「意味喪失社会」における働く意味

クリスチャン・マスビアウ『センスメイキング』(プレジデント社)

――「人文知の復権」という言葉は、これまで何年かに一度は繰り返しに叫ばれている感もありますが、『センスメイキング』で言われていることの特徴はどんな点でしょうか。

いわゆる教養懐古主義に陥るのではなく、「原点に立ち返って古典を読め」という主張とも違う点が評価できますよね。もちろん「教養や古典が大事」という言い分もわかるけど、いくら言ったところで世の中は変わりません。必ずしも“正しいこと”が世の中に受け入れられるわけではなく、“正しいことで受け入れられること”が世の中に流通していくわけです。この本では、ある意味で“正しいこと”を“受け入れられるかたち”にしてうまく伝えていると思いました。

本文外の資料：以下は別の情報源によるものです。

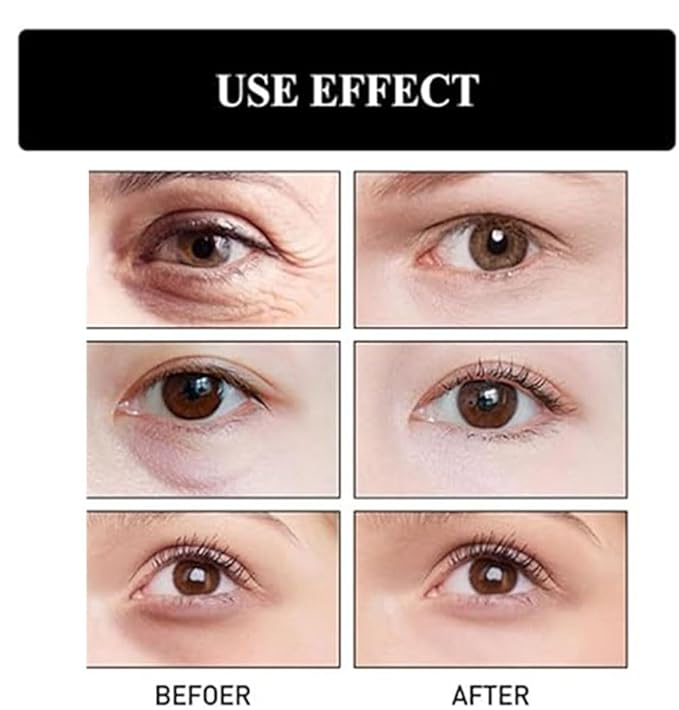 Berbax Instant Firm Eye Tightener, Berbax Eye Bag Cream, Berbax Dark Circle Eye Cream, Berbax Brightening Firming Eye Cream, Berbax Instant Firming Anti-Aging Eye Cream (1.05OZ)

僕は数年前から、「意味」に関しては色んな場面で発言し、書いてきました。たとえば、2014年の記事「意味喪失社会を生きる!?:たかが意味、されど意味の時代」。ここでは、現代を「意味の時代」と呼んで、“人が何かをなすとき、何かを決めるときに行う「意味づけ(Sense‐making)」の意味が、今までよりもさらに「重要」になってくる時代”と定義しました。

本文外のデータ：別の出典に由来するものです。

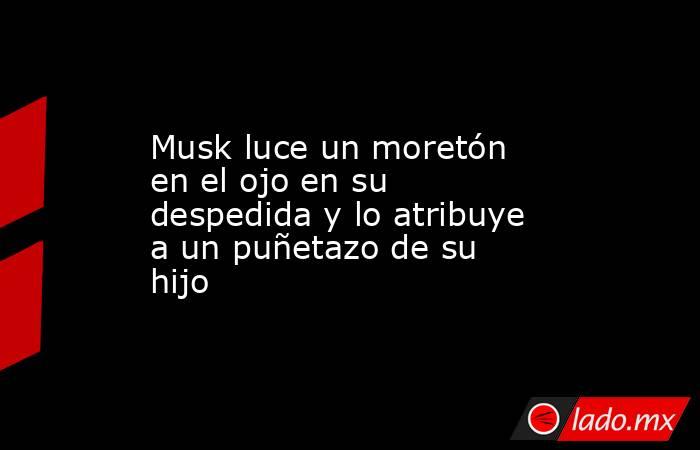 Musk luce un moretón en el ojo en su despedida y lo atribuye a un puñetazo de su hijo. Noticias en tiempo real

新入社員が働きがいを見出せなかったり、仕事がつらくてやめるのは、「つらい仕事の意味がわからずやめる」のです。そこになんらかの意味づけがあればやめないという選択肢もあるのですが、この意味づけがぽっかり失われている。この場合、意味づけしてあげる立場にいるのは上司やマネジャーなのですが、その点は多くの会社ではあまり重視されていません。さらに言えば、この「意味喪失社会」は、ここ数十年、人文知が挑戦している大きな課題だと思います。

「働いて成長したい」はもはやデフォルトではない

――中原先生の『残業学』でも、「マネジメントの力不足」という表現がありました。マネジャークラスの上司たちが、部下たちに働くことの意味づけをしてあげることで、時間のけじめを付けて退社できるし、労働も成長の糧になると意識することができるのだと思います。でも実際にはそのような話し合いよりも、HRツールの導入など、小手先だけの施策にとどまることも多いと感じます。

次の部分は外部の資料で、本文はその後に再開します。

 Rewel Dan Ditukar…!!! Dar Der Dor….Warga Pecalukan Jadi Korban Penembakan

そうだと思います。私の研究室にも6人ほどの研究スタッフがいるので、よくわかります。マネジメントとは「意味の調整」でもあります。まず、みんなには、やりたいことや思いがある。しかし、プロジェクトの進行やめざすところも、また、ある。いかにこれら同期させ、意味づけていくか。このやりくりこそが、マネジメントの真骨頂です。わたし自身も修行の身、課題だらけです。

――働くことの意味づけは、今後どのようになってくるのでしょうか。

結論から言うと、働くことの意味は働く人のぶんだけあるのだと思います。ただ、自戒をこめて言いますが、働き方や人材育成をテーマにした「自己啓発本」では、「人って仕事をとおして成長したいよね」という「成長しまくりたい願望」をデフォルトに設定していて、そういう意識を持った人を対象としていますが、それは間違っているように思います。むしろ、仕事には安心や安定だけ求めている人や、「そこそこ働いて、幸せに生きていければいい」という人も、今は多いはずです。

だから、実は人によって仕事の意味づけは違うわけだから、その人のニーズを聞くことが重要だと思います。そうすれば、上司も「だったらこういうふうにやりましょう」と、自分の持っているレパートリーのなかから答えられる。いくら職場の魅力を伝えても、それが聞き手のニーズにマッチしていなければ、その人にとっては魅力的に映らないわけですよね。だから、面倒でも、仕事や職場にその人が何を求めているのか聞いてあげることが大事です。

――個別のマッチングが必要ということですね。

そうですね。だから、人事や、人を動かすということが、すごく大変な時代になったと思います。その時代に合ったマネジメントのやり方を考えていかなくてはならないですよね。